=== Material provided ===
*** Begin section ***
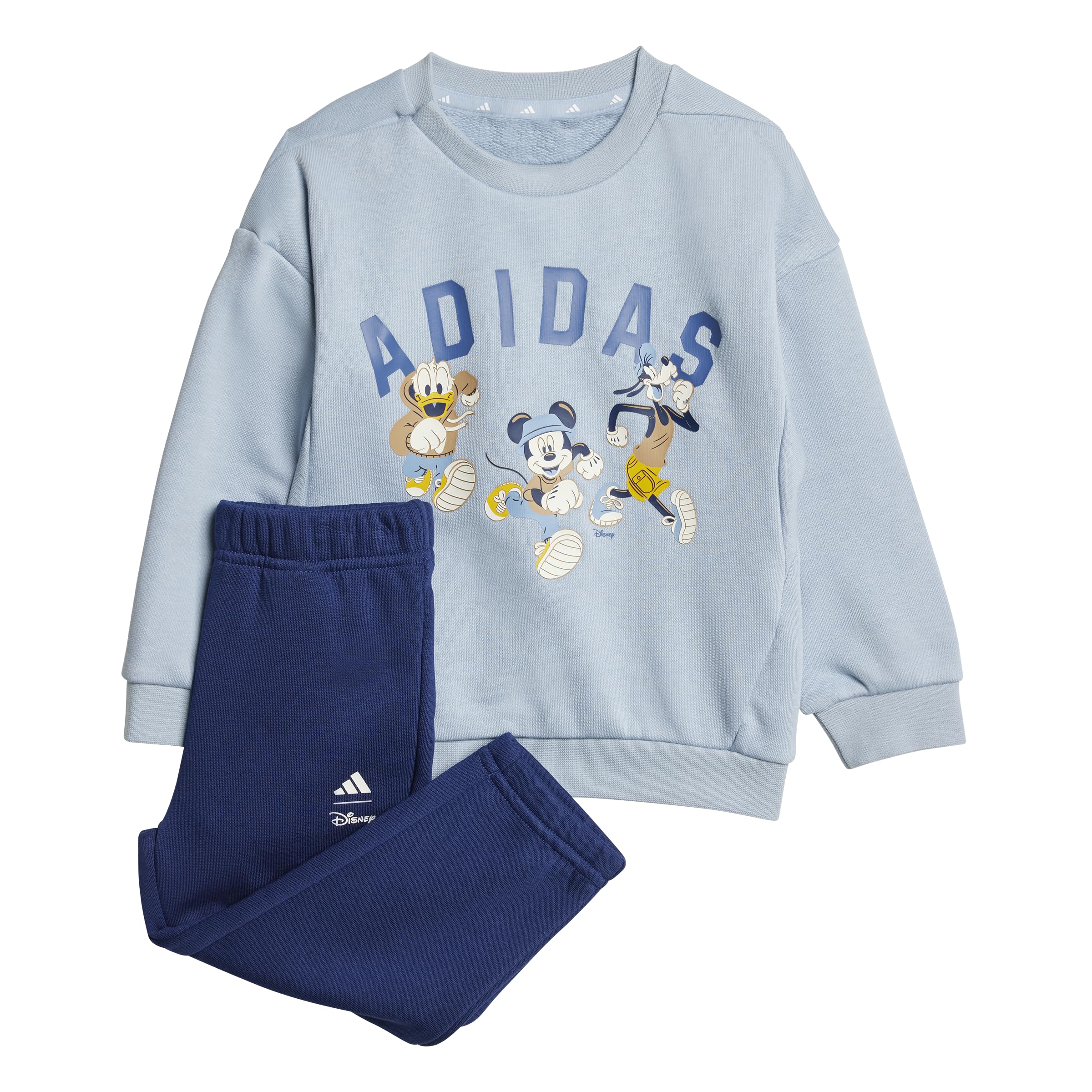 Adidas Unisex-Baby Adidas x Disney Mickey Mouse Sportswear Jogger Set, Wonder Blue/Crew Blue, 9 Months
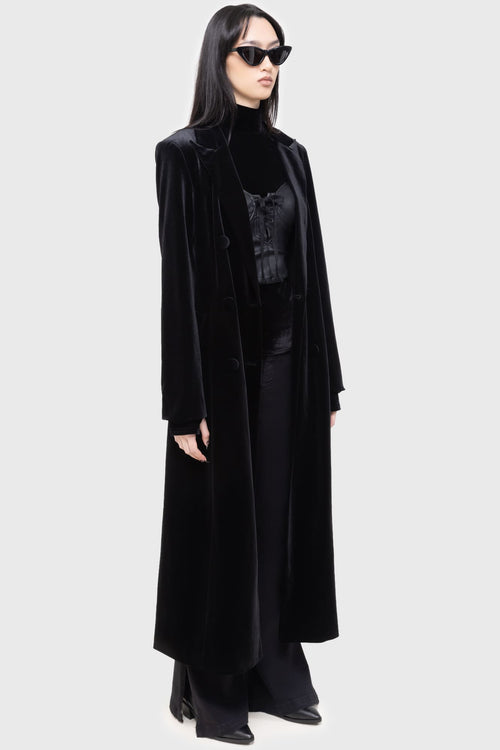 killstar Shadowborne Coat Black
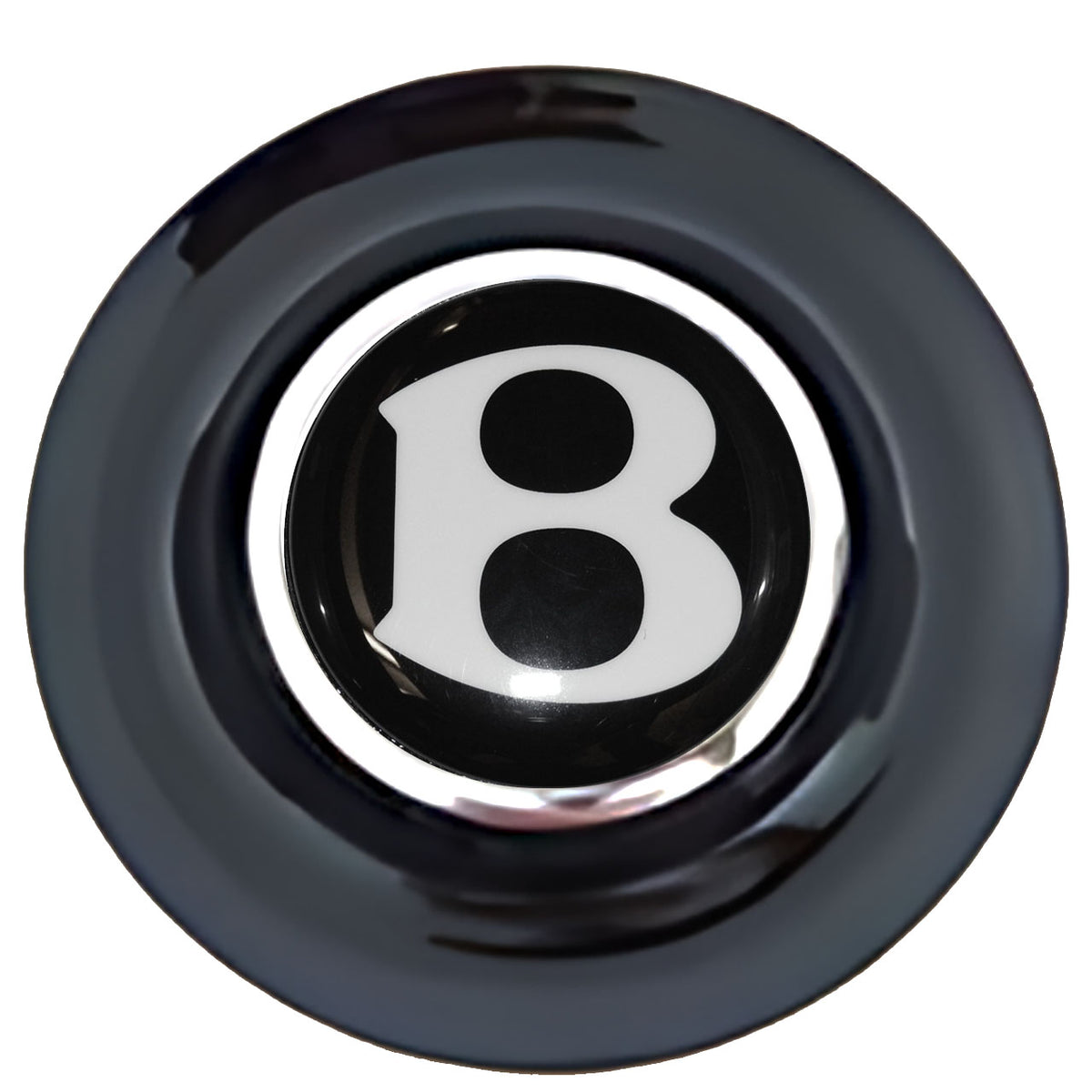 Bentley Floating Center Caps Black ChromeRing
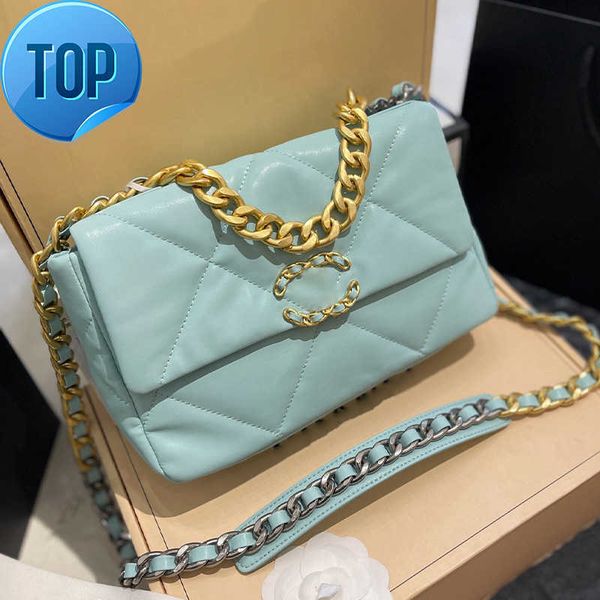 

shoulder bags channel 19 designer bag lambskin 9a quality women fashion luxury crossbody handbag ladi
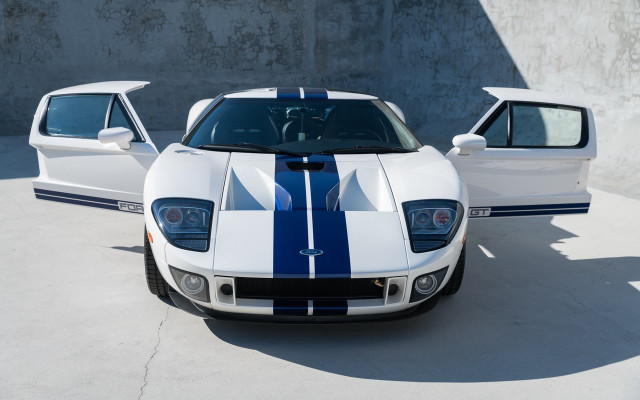 White blue cars parking lot free wallpaper - medium preview image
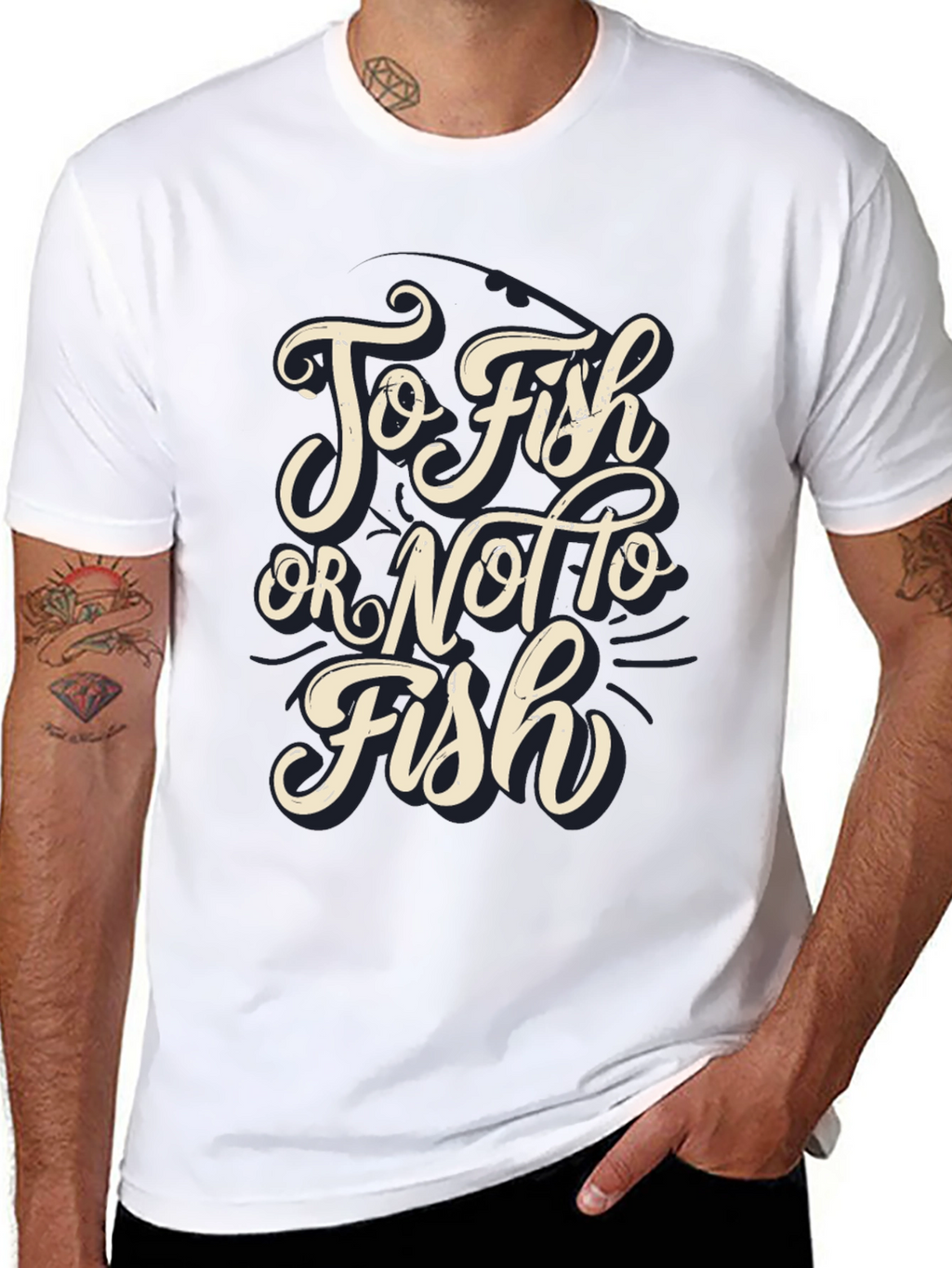 To Fish or Not to Fish Black T-Shirt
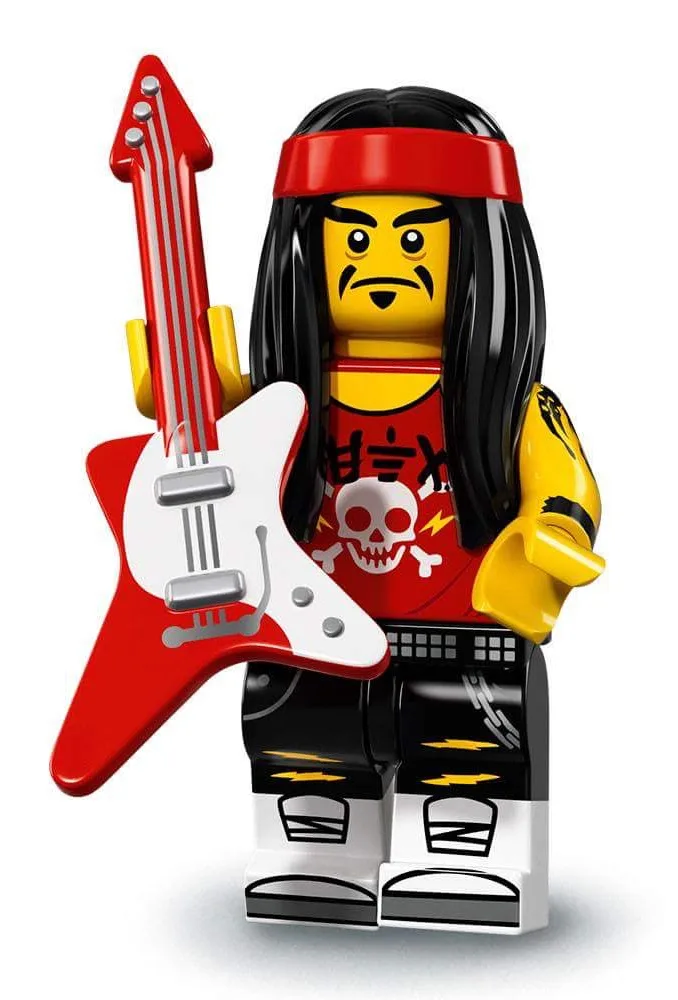 Dans le même style que le LEGO Le rockeur à la guitare et au gong (71019-17) | Brick Broker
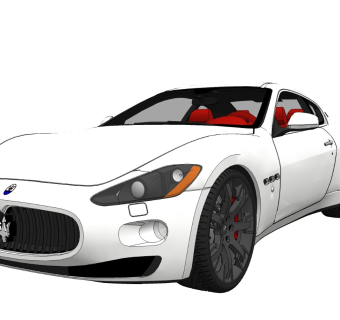 超精细汽车模型 玛莎拉蒂 Maserati GranTurismo S
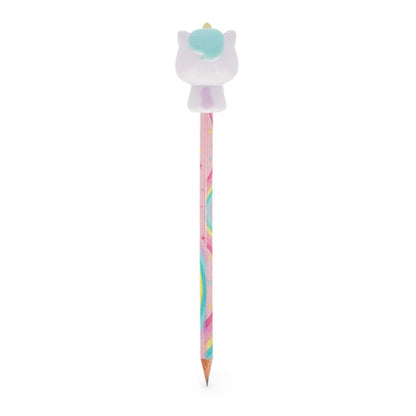 Lápis HB Squeezies Unicorn Legami | Lápis Escolar com Boneco Squishy para Escrita e Desenho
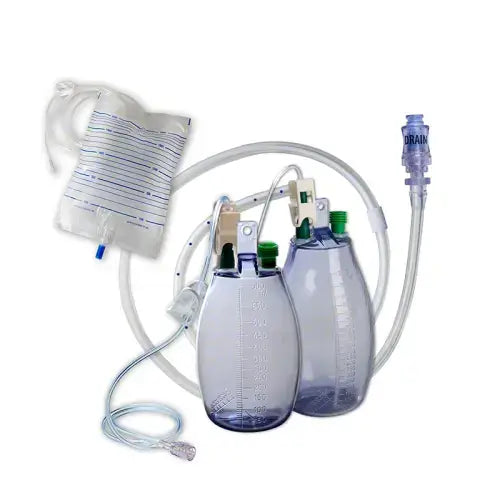 A Bbraun ASEPT Pleural and Peritoneal Drainage System.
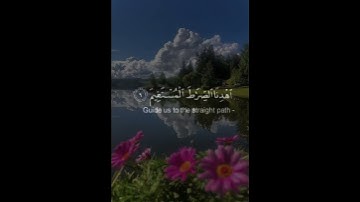 سورة الفاتحة بصوت القارئ "طارق محمد"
*** End section ***
=== What the task asks ===
Write out exactly the lines from the line holding "Lápis HB Squeezies" through the last line of the records above, inclusive, and nothing more. Leave out the pictures.

=== Task solution ===
 Lápis HB Squeezies Unicorn Legami | Lápis Escolar com Boneco Squishy para Escrita e Desenho
 A Bbraun ASEPT Pleural and Peritoneal Drainage System.
 سورة الفاتحة بصوت القارئ "طارق محمد"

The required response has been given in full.